The shaft of an arrow is identified as the largest set of consecutive data points for which the inverse curvature is greater than zero. For example, Figure 5 shows a double-headed arrow and its inverse curvature representation. In this case, the shaft extends from data point 28 to 81. Data points that precede and follow the shaft are considered to be potential arrowheads. To facilitate recognition of the arrowheads, it is desirable for the candidate arrowheads to contain a small piece of the shaft. Thus, candidate arrowheads are augmented with eight data points from the appropriate end of the shaft. Augmenting the arrowheads in this fashion also ensures that each candidate arrow has two candidate arrowheads.

Once the two candidate arrowheads have been located, we use a bitmap representation and a neural network classifier to determine if the candidate arrowheads actually are arrowheads. To begin, a candidate arrowhead is uniformly scaled and sampled to produce a binary bitmap. The bitmap is then transformed into a sort of distance map. Black pixels in the binary bitmap are represented by a +1 in the distance map. Nonblack pixels that neighbor black pixels are represented by a 0 in the map. All other pixels are represented by a −1. The map is essentially a gray-scale image in which three shades of gray (black, gray, and white) are used to blur the original image.
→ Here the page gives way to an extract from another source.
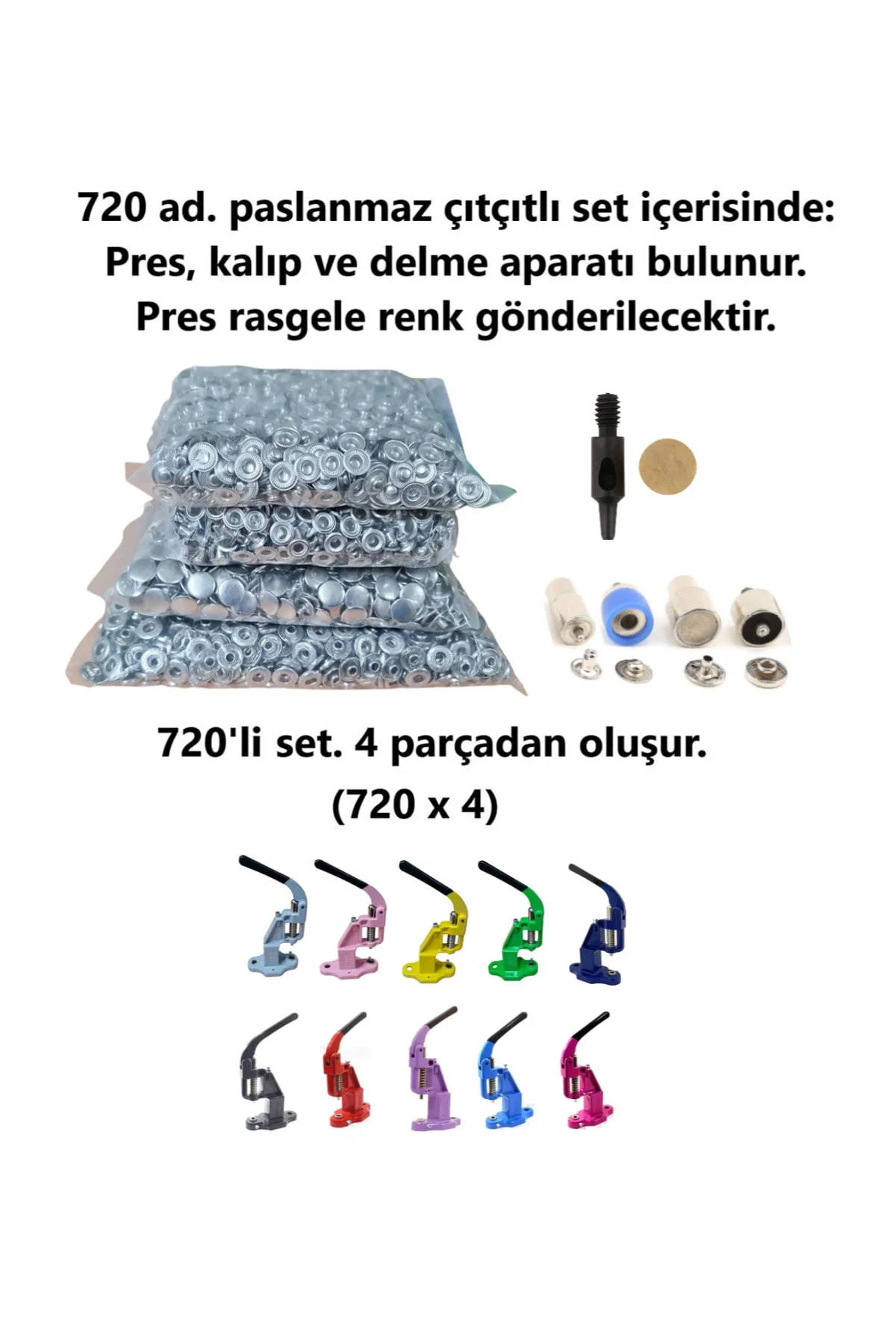 Çıtçıt Makinesi, (nikel) 720 Adet 15mm Paslanmaz Alfa Çıtçıt, Kal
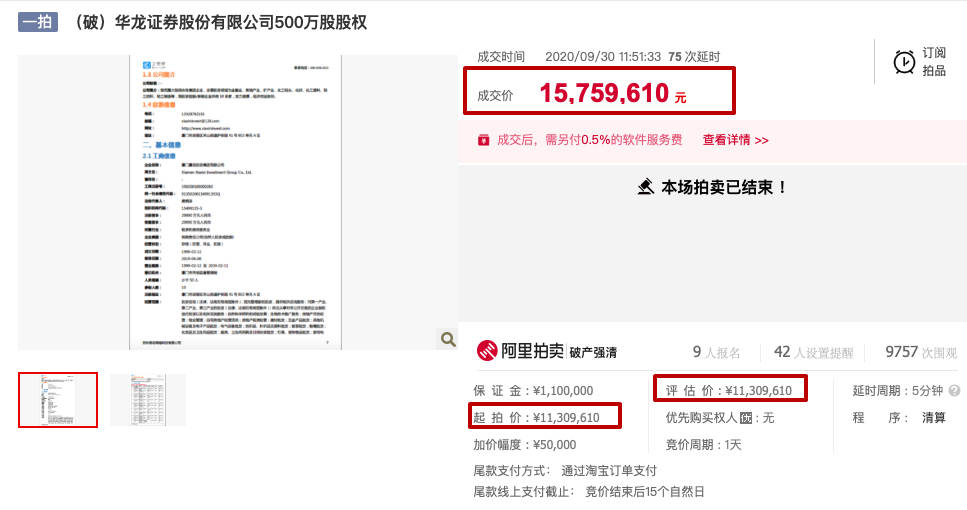 成交|券商股权溢价四成被抢购，折价起拍、高价成交因何屡现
We have found that using this form of gray-scale image results in higher recognition accuracy than the binary bitmaps.

The gray-scale bitmaps are classified with a neural network consisting of an input layer with 289 units, a hidden layer with 20 units, and an output layer with 12 units. Each input unit corresponds to a pixel in the gray-scale image. Each output unit corresponds to a particular arrowhead orientation or to a particular type of nonarrowhead. The network classifies arrowheads as having an orientation of 0°, 45°, 90°, 135°, 180°, 225°, 270°, or 315°. The nonarrowhead classifications include horizontal line, vertical line, diagonal line with positive slope, and diagonal line with negative slope.

If both candidate arrowheads from a candidate arrow are classified as arrowheads, the candidate arrow is a double-headed arrow. Likewise, if only one candidate arrowhead is classified as such, the candidate arrow is a single-headed arrow. Otherwise, the candidate arrow is not an arrow. Double-headed arrows are further classified as curved arrows for measuring angles and straight arrows for measuring linear dimensions. The distinction is based on the straightness of the shaft. If the shaft is a straight line according to the definition of straight used for extension lines (see Section 4.1), the arrow is assumed to be straight, and otherwise it is curved.
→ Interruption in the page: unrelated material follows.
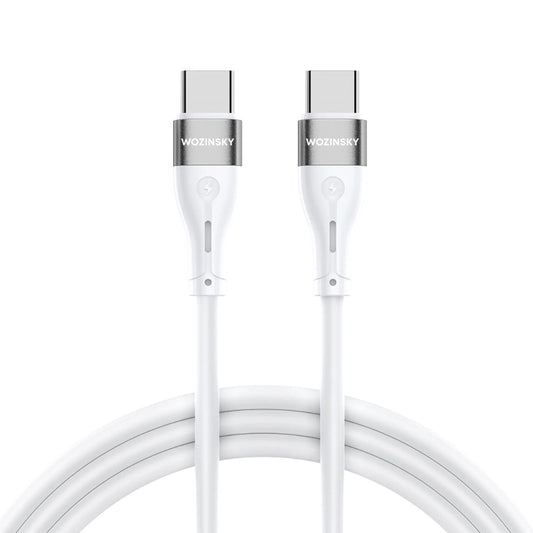 Nabíjecí kabel USB-C - USB-C WZK WSTCC1, 65W, 1m, bílý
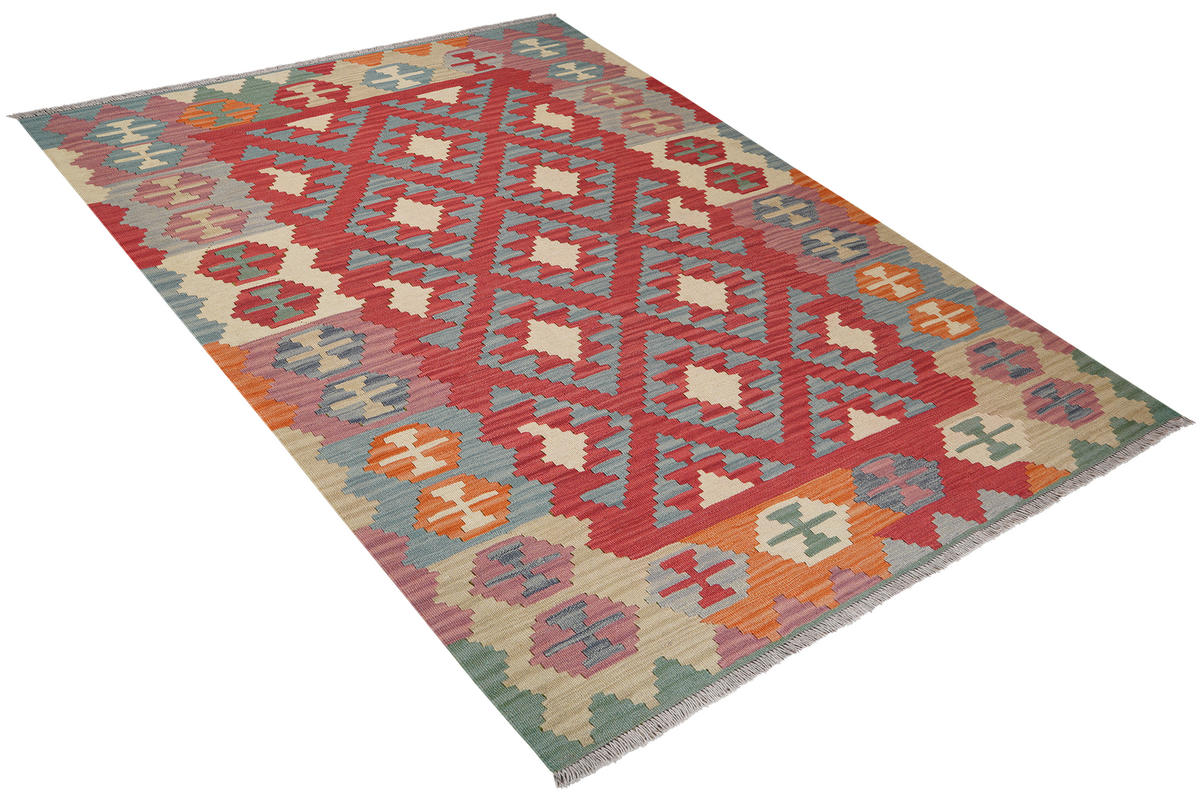 HANDWEBTEPPICH Kelim Gashgai Rot 211/156 cm Schurwolle - Rot, Textil (156/211cm) - Looma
To train the neural network, we collected sample arrows from seven engineering students. Each subject was asked to provide 211 arrows that varied in length and orientation. To ensure systematic data collection, subjects were provided with “targets” for the arrows. For example, subjects were provided with boxes with various lengths and orientations and were asked to draw arrows that spanned them. In this fashion, subjects provided double-headed arrows with lengths of 2, 4, 8, and 16 cm and orientations that varied in 45° increments. Using a similar approach, subjects provided examples of single-headed arrows, radial dimensions (single-headed arrow), diametral dimensions (double-headed arrows), and angular dimensions (curved double-headed arrows). Finally, to obtain additional variety in the data, each test subject was asked to draw 10 arbitrary linear dimensions, each comprised of a pair of extension lines and a double-headed arrow.

As the neural network classifies only the arrowhead portion of an arrow, it was necessary to extract the arrowheads from the sample arrows prior to training the network. This was done using the inverse curvature approach described above. As part of the training process, we used a cross validation approach to determine the optimal number of nodes in the hidden layer of the network. The network was trained on data from six subjects and was tested on data from the seventh. (The curved arrows were not used for training but were used for testing.) We determined that 20 is the optimal number of nodes. For this network topology, the average classification accuracy for the seven iterations of cross validation was 96.8%. Here, accuracy is defined in terms of the number of correctly classified arrows. For an arrow to be correctly classified, both of its candidate arrowheads must be correctly classified.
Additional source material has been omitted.